═════ Source material ═════

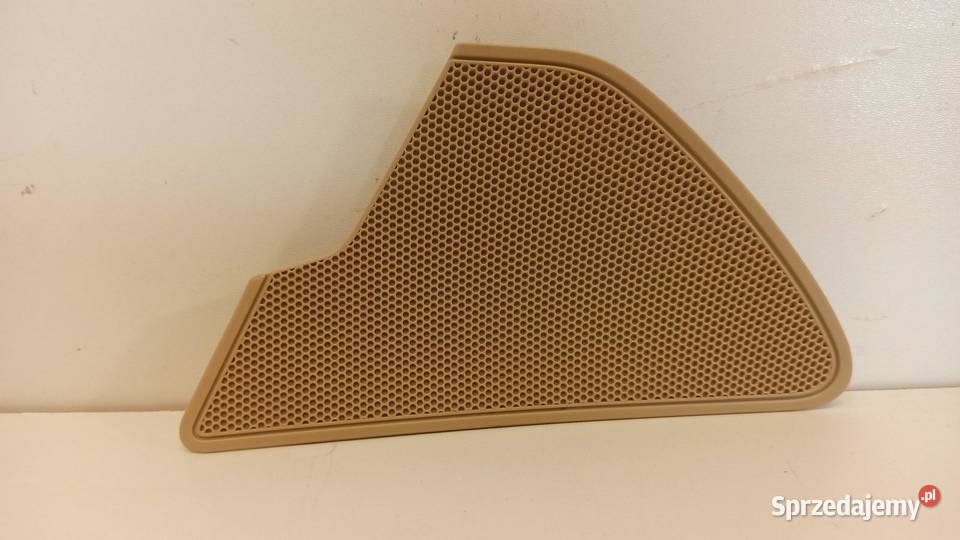 AUDI A6 C7 MASKOWNICA OSŁONA GŁOŚNIKA 4G0035423A dolnośląskie
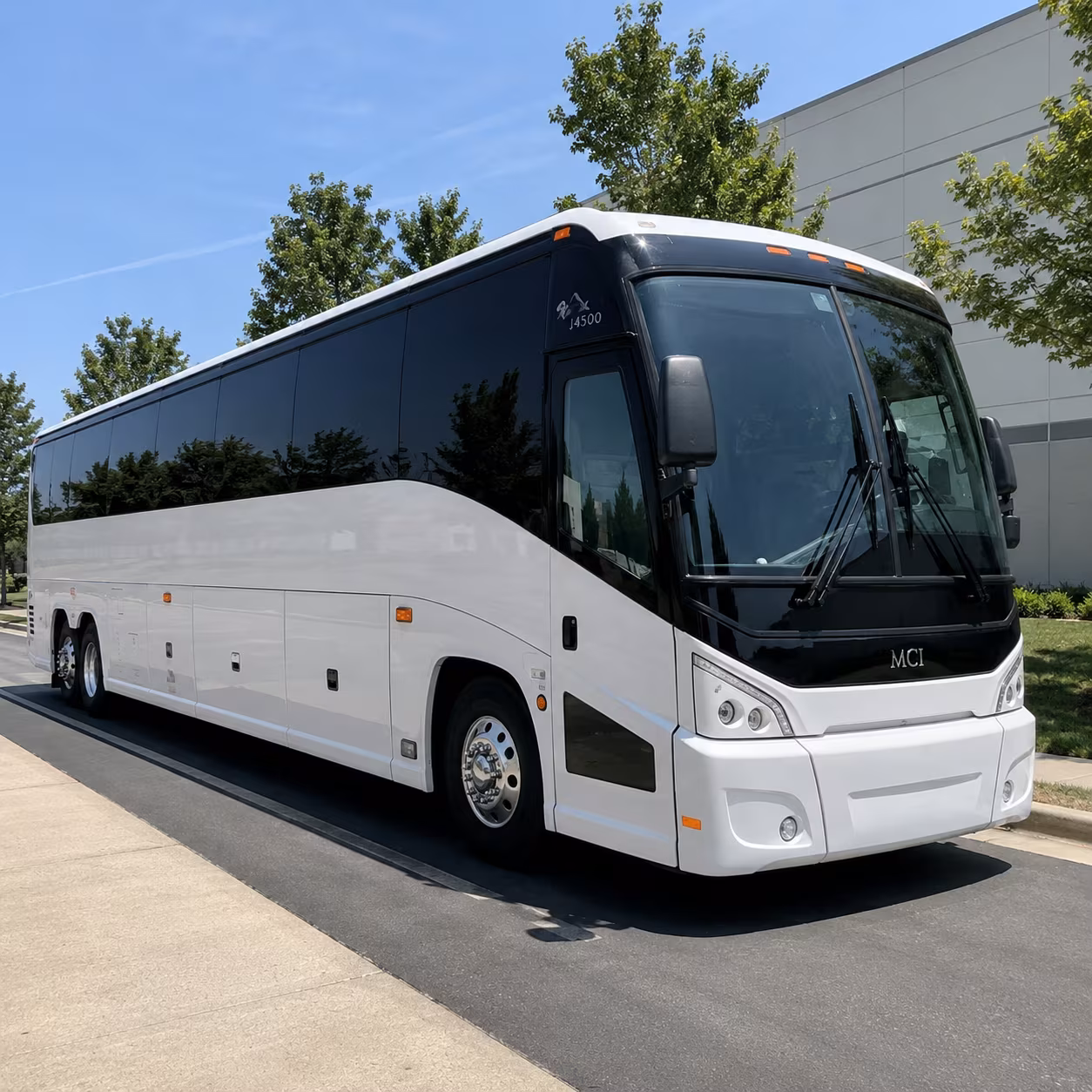 corporate retreat transportation to innisbrook resort and tampa bay area venues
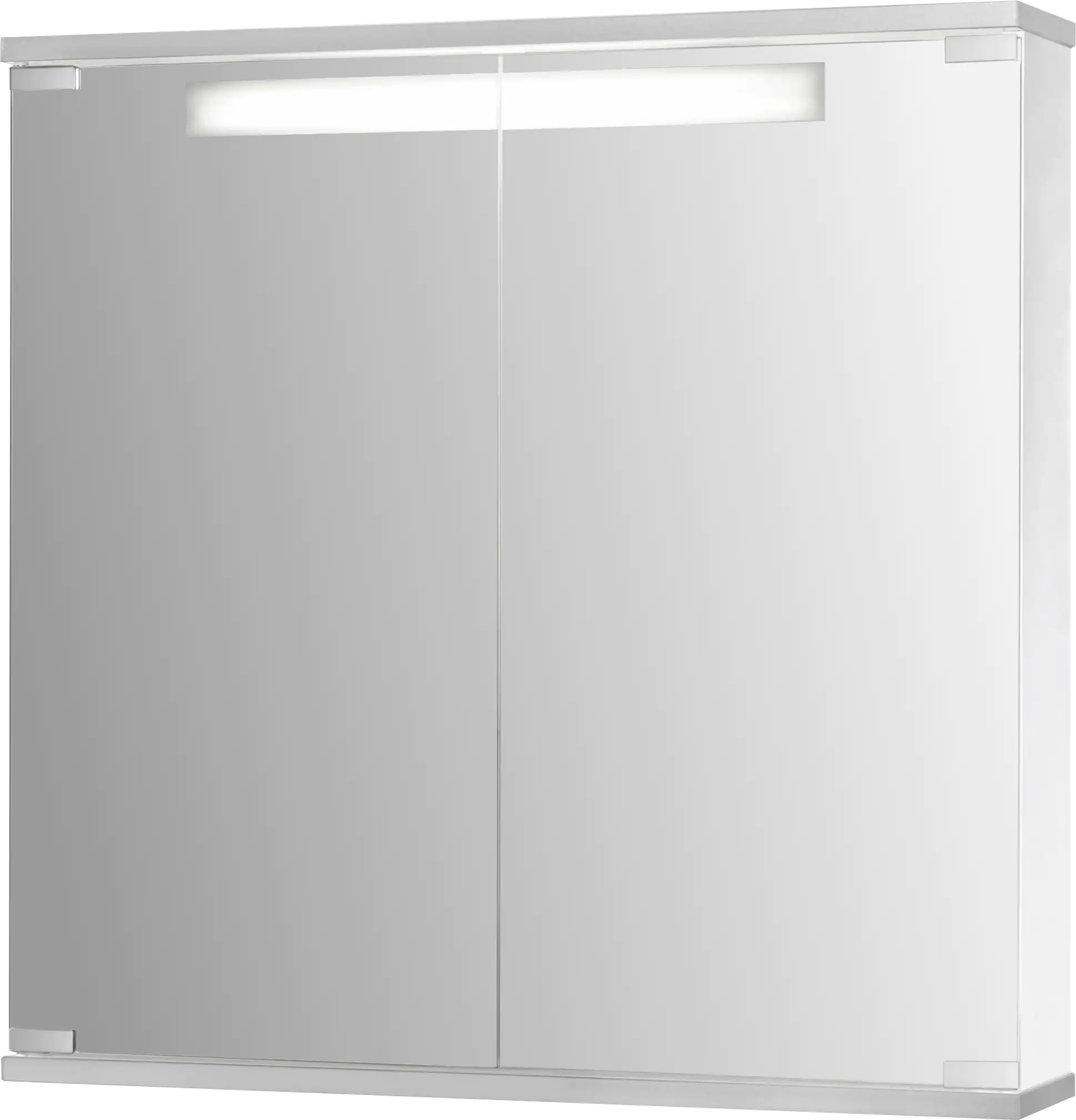 Jokey Spiegelschrank Cento 60 LS weiß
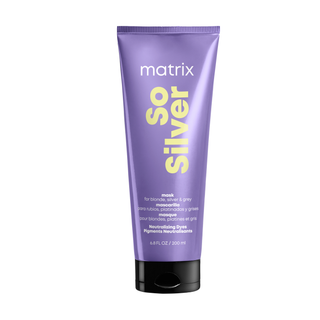 Matrix So Silver Neutralizing Mask 200ml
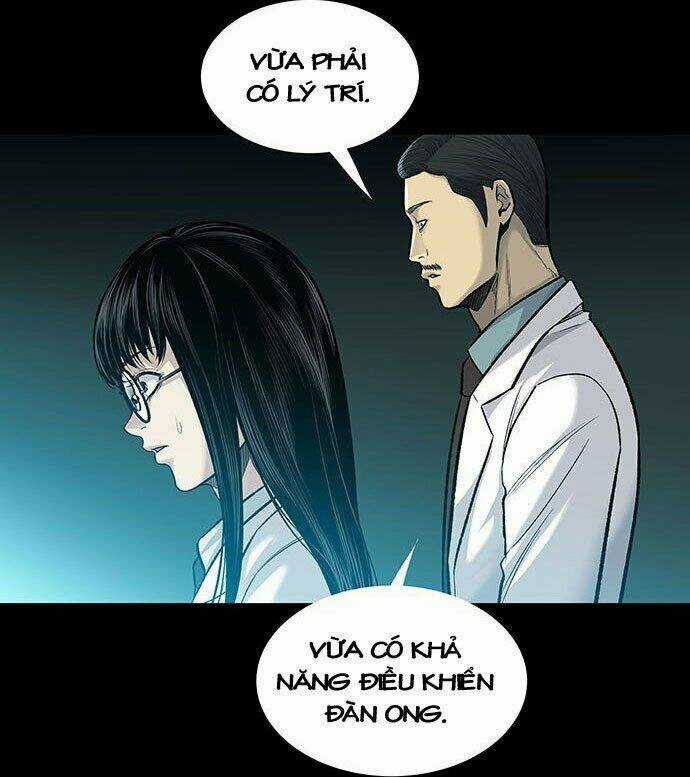 Dog Man (Chó Săn) - Chapter 2 - Trang 60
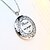 cheap Necklaces-Pendant Necklace - Fashion Silver, Golden Necklace Jewelry For Wedding, Party, Daily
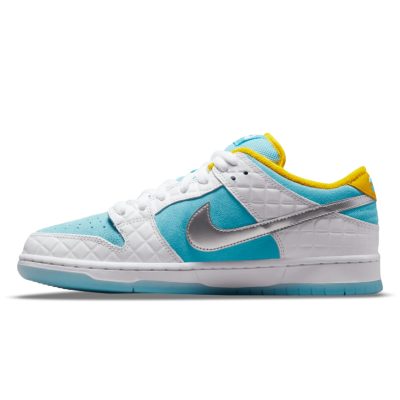 SB DUNK Low "Pro FTC Lagoon Pulse Regul"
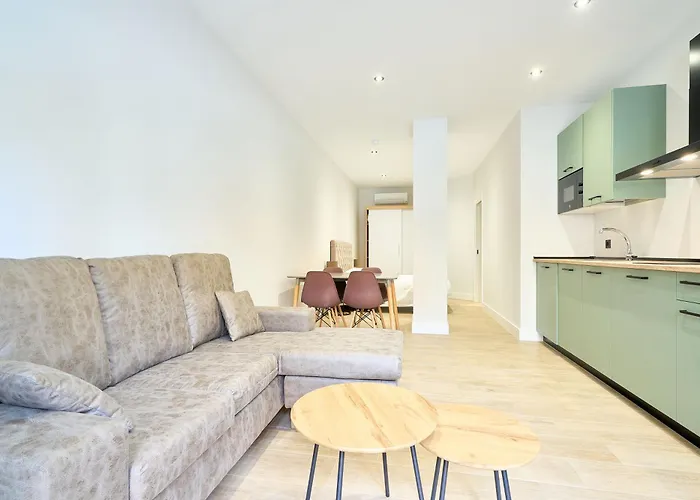 Rosario 32 By Keyhom Apartment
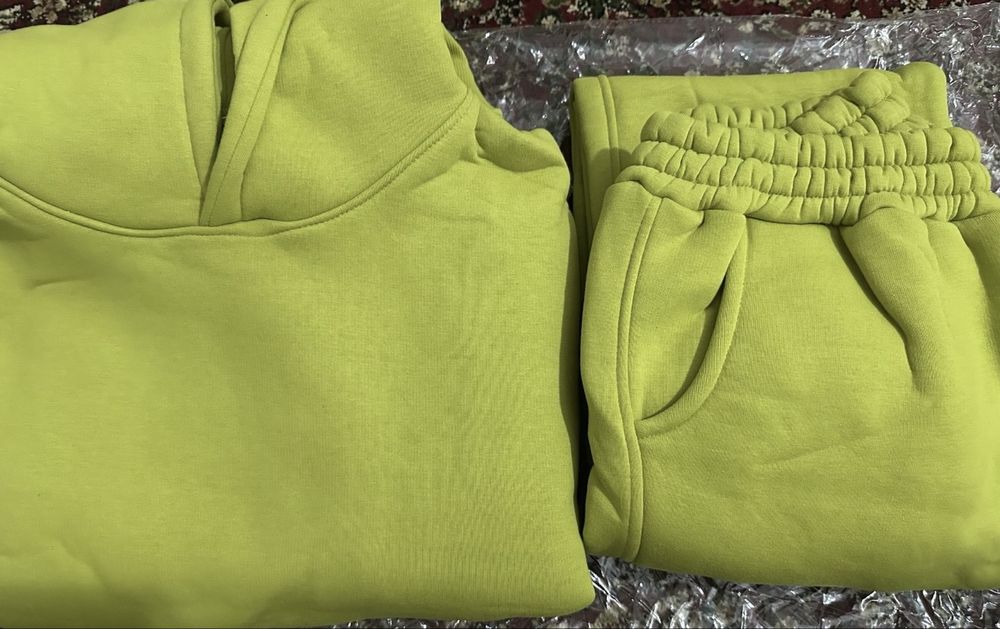 Утеплённые двойки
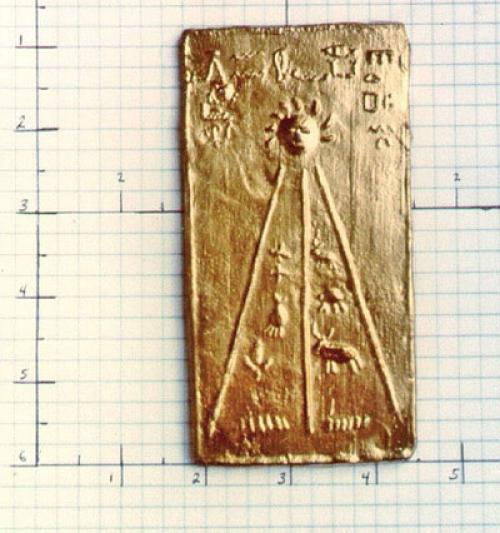 Древние тайны пещеры берроуза. 02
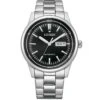 Citizen Platform Sporty Elegant Automatic 42 Mm- NH8400-87EE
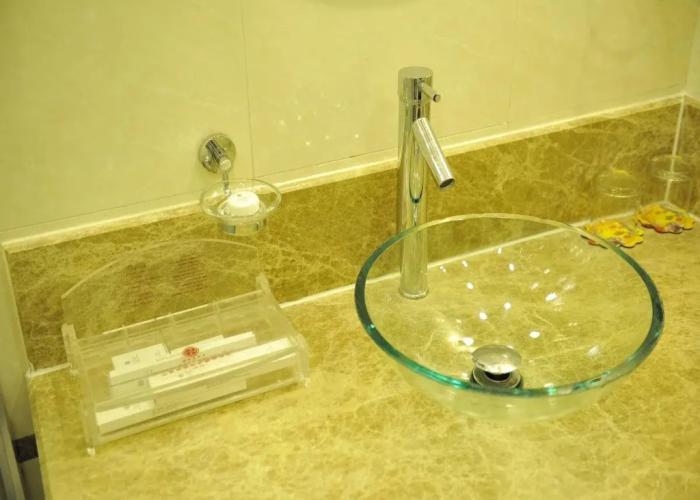 Shandong Grand Tower Hotel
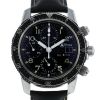 Bell & Ross Pilot Chronograph by Sinn watch in stainless steel from 1995 - 00pp thumbnail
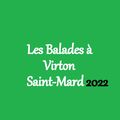 Les Balades : SAINT-MARD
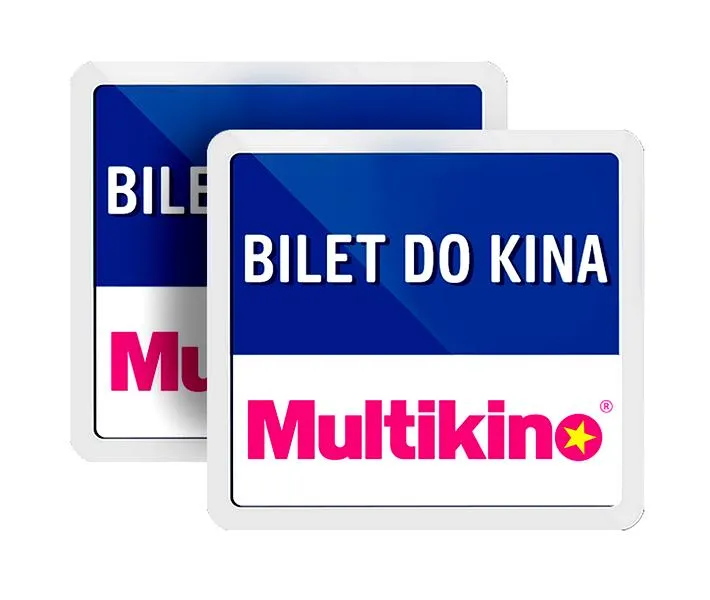 Zakup biletu do kina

═════

What to do >> Take the records above from the line with "Bell & Ross" down to their last line and please copy those lines exactly, without the pictures.

Reply >>
 Bell & Ross Pilot Chronograph by Sinn watch in stainless steel from 1995 - 00pp thumbnail
 Les Balades : SAINT-MARD
 Zakup biletu do kina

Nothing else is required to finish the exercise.